Last week the NFP report showed once again that the labour market is tight and resilient, impacting the S&P500. What caught the market’s attention though was the data on Average Hourly Earning (i.e. wages).
They missed expectations and the prior numbers were revised downwards. The market interpreted that as a goldilocks scenario: strong labour market without wage inflation.
What followed was totally unexpected. The ISM Services PMI dived into contractionary territory for the first time since 2 and a half years. This is a leading indicator for the Services sector, which is about 80% of the US economy. The market rallied even more on hopes that the Fed would stop rate hikes very soon and start cutting rates earlier.
The market may be underestimating the Fed’s resolve in keeping conditions tight for longer.
In fact, Fed speakers doubled down on their intention of keeping rates higher for longer after the reports as their focus is more on the labour market now and they want to see unemployment picking up before having the confidence in easing monetary conditions.
If that doesn’t happen (which is unlikely), they will probably keep at it until they see the CPI/PCE Y/Y near their 2% target.

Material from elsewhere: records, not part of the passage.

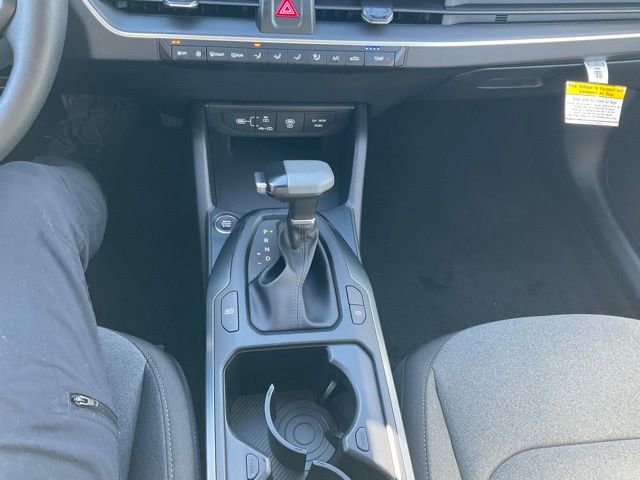 New 2025 Kia K4 LXS image 24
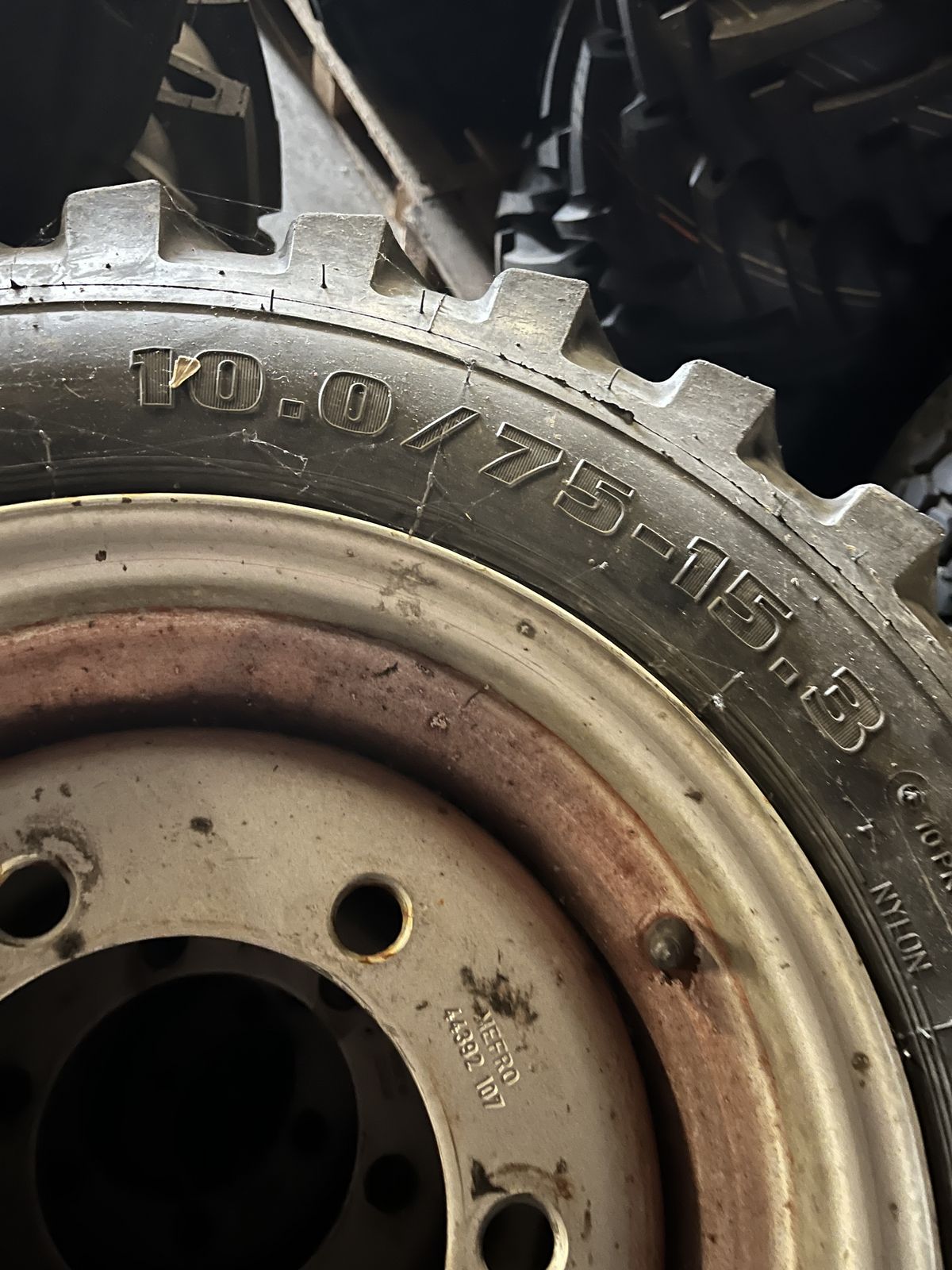 Komplettreifen 10/75-15.3 EM 6 Loch ET80 2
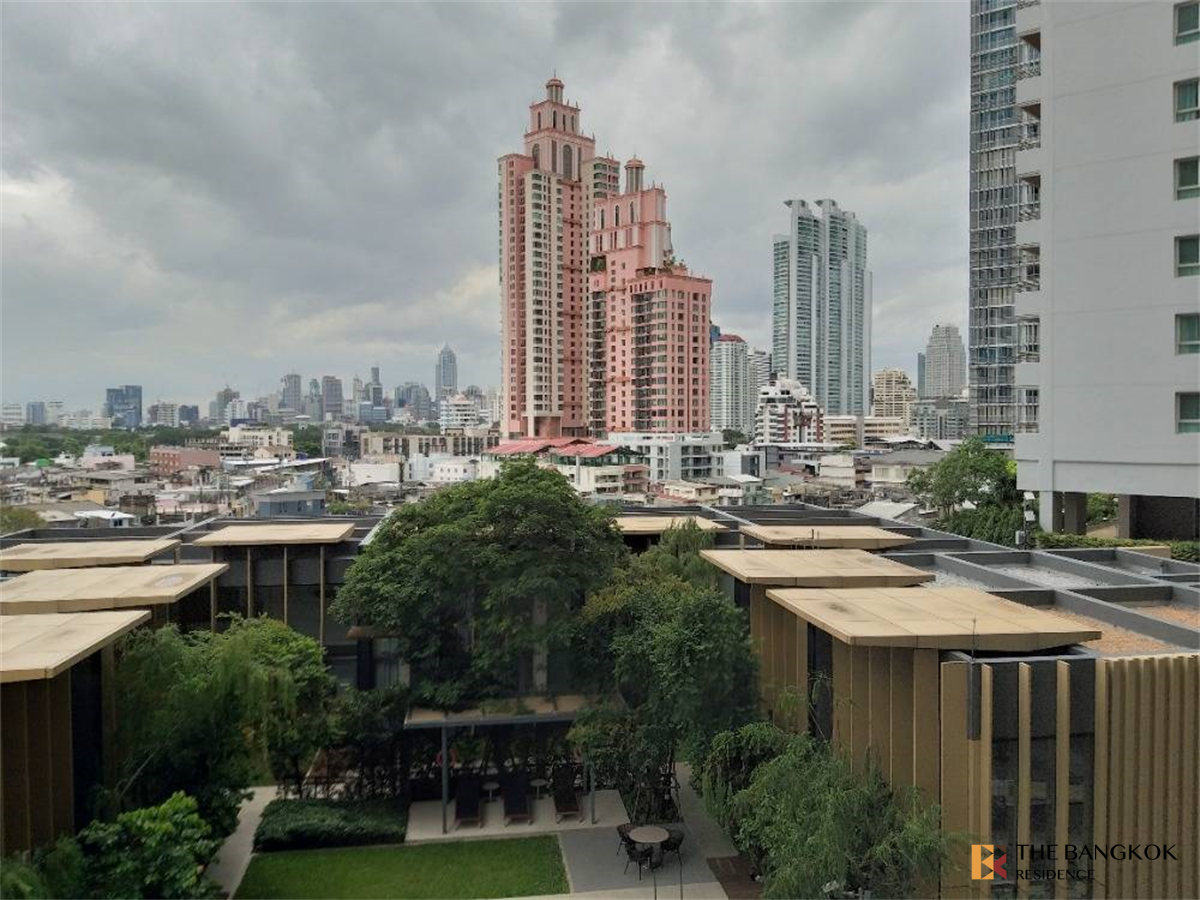 picture The Lumpini 24  Condo in High-potential, Central City Location - 8/10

In that case though, it would be too late.
S&P500 Technical Analysis
Daily chart of the S&P500.
On the daily chart above, we can that the price came back to the old support in the 3920-3940 area that now acts as resistance. If the price manages to break that zone, buyers will be in control and target the blue trendline or even a breakout higher.
If the price gets rejected from that zone, sellers will regain control and target at least the support at 3800 if not even lower to the October low at 3506.

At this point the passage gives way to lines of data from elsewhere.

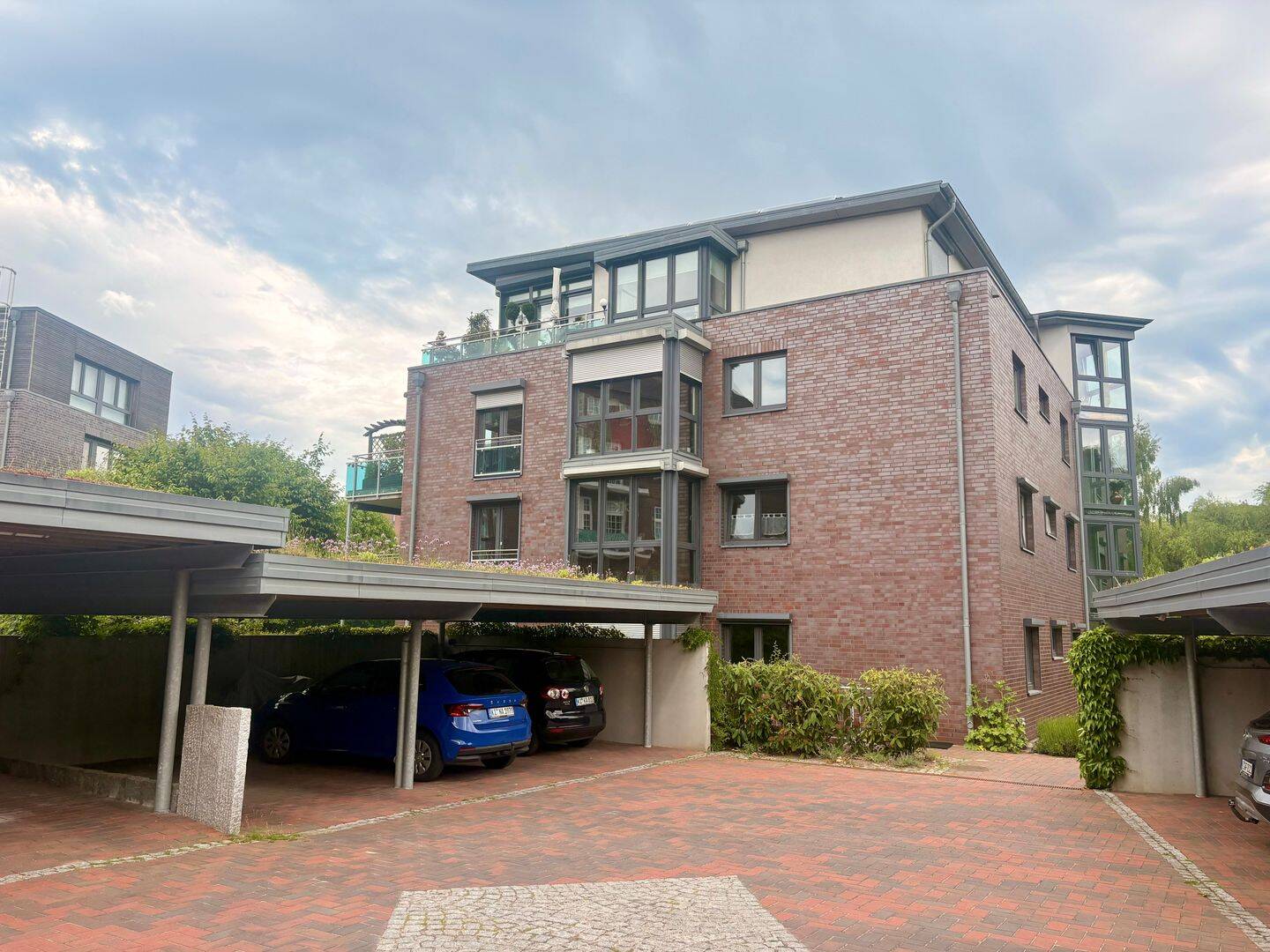 Wohnen in außergewöhnlicher Wasserlage – Komfort und Lebensqualität vereint!, 24148 Kiel (Ellerbek Wellingdorf)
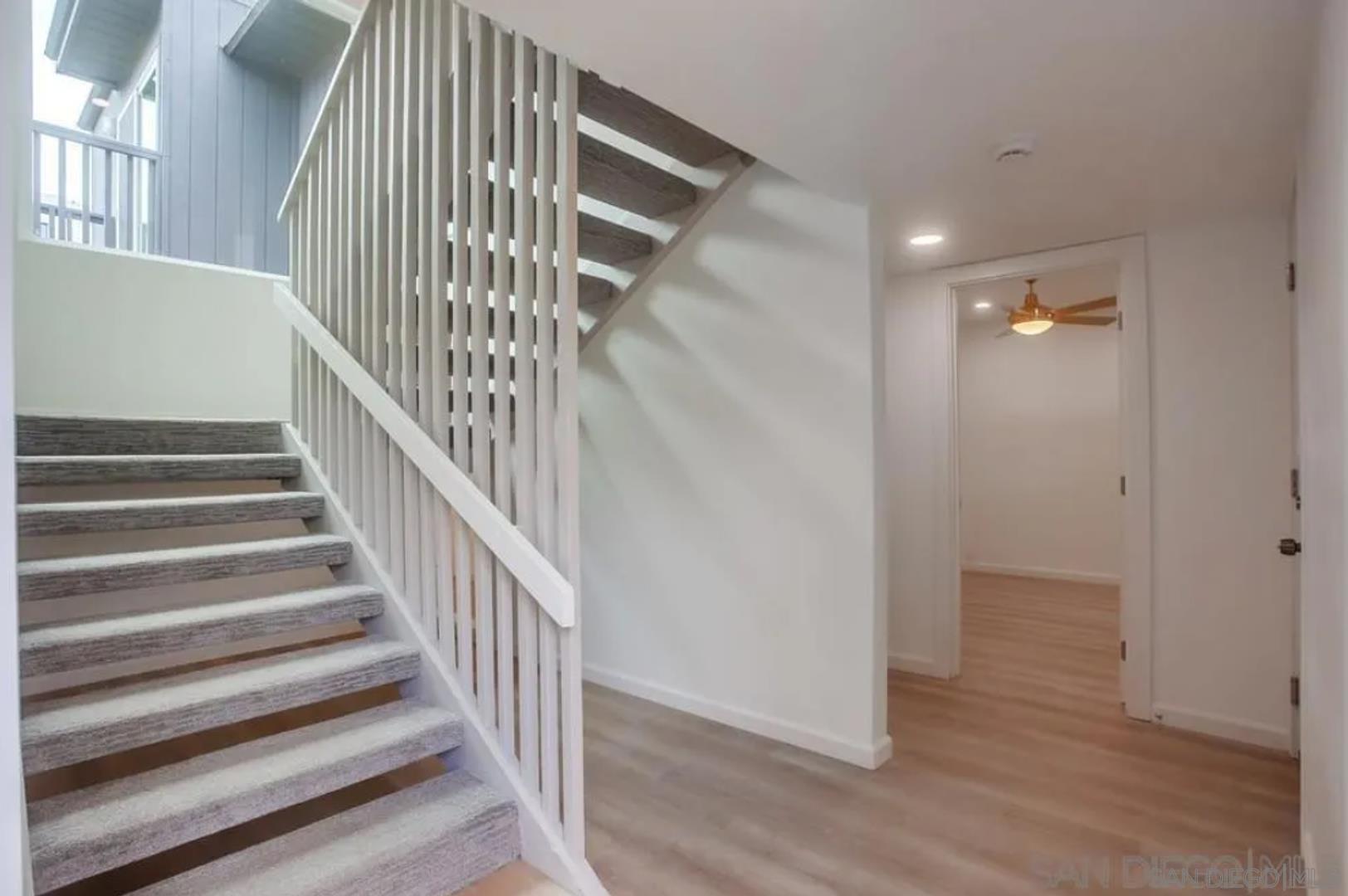 Detail Gallery Image 10 of 16 For 743  Bonair Way, Apt B, La Jolla,  CA 92037 - 3 Beds | 2 Baths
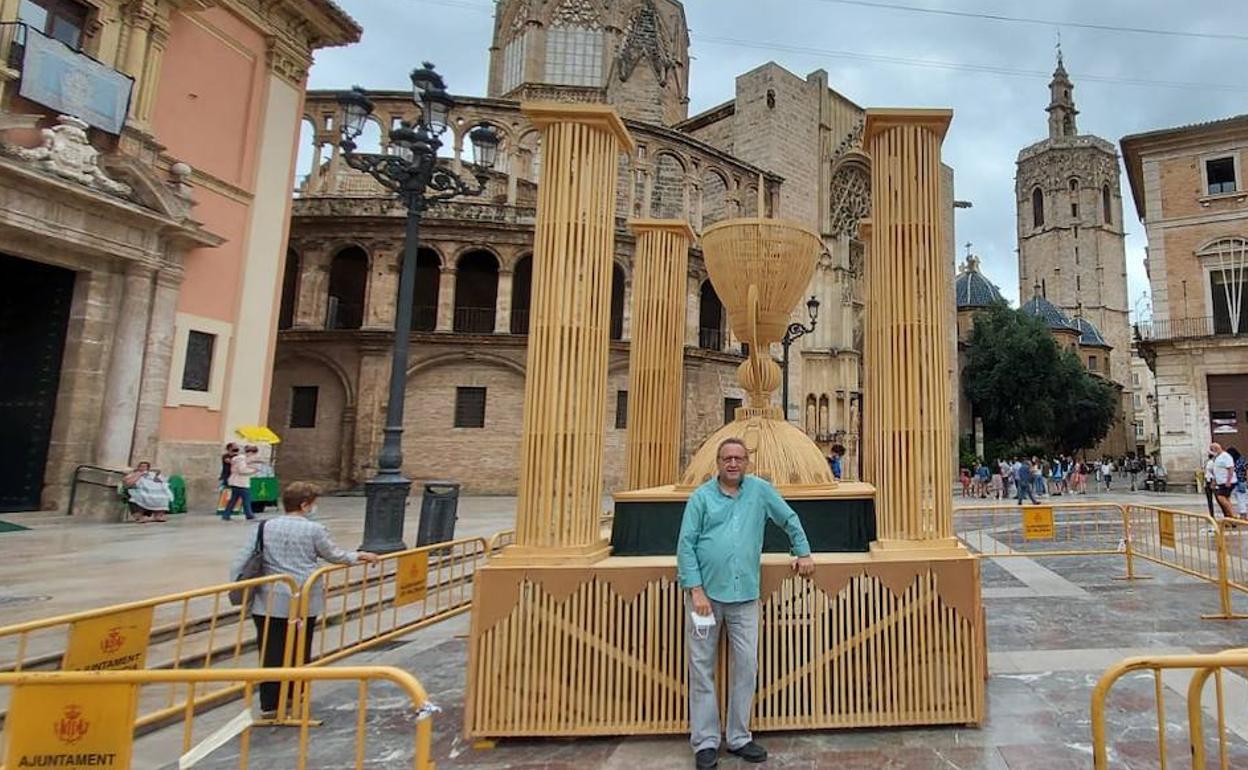 Corpus en Valencia | La decoración del Corpus toma la plaza de la Virgen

Zooming in to the 1-hour chart, we can see the rangebound market of the past few weeks. The support is in the 3790-3810 area and the resistance is in the 3920-3940 area. We can also see more clearly the two possible scenarios:
· Break above and run to the trendline in the 4000 price zone.
· Fail and fall back to the support in the 3800 price zone.
On the 5-minutes chart, we can see that the buying momentum out of the two economic reports is waning as depicted by the divergence with the RSI. This may give a higher probability for the 2nd scenario to play out as the price may not have enough strength to break up.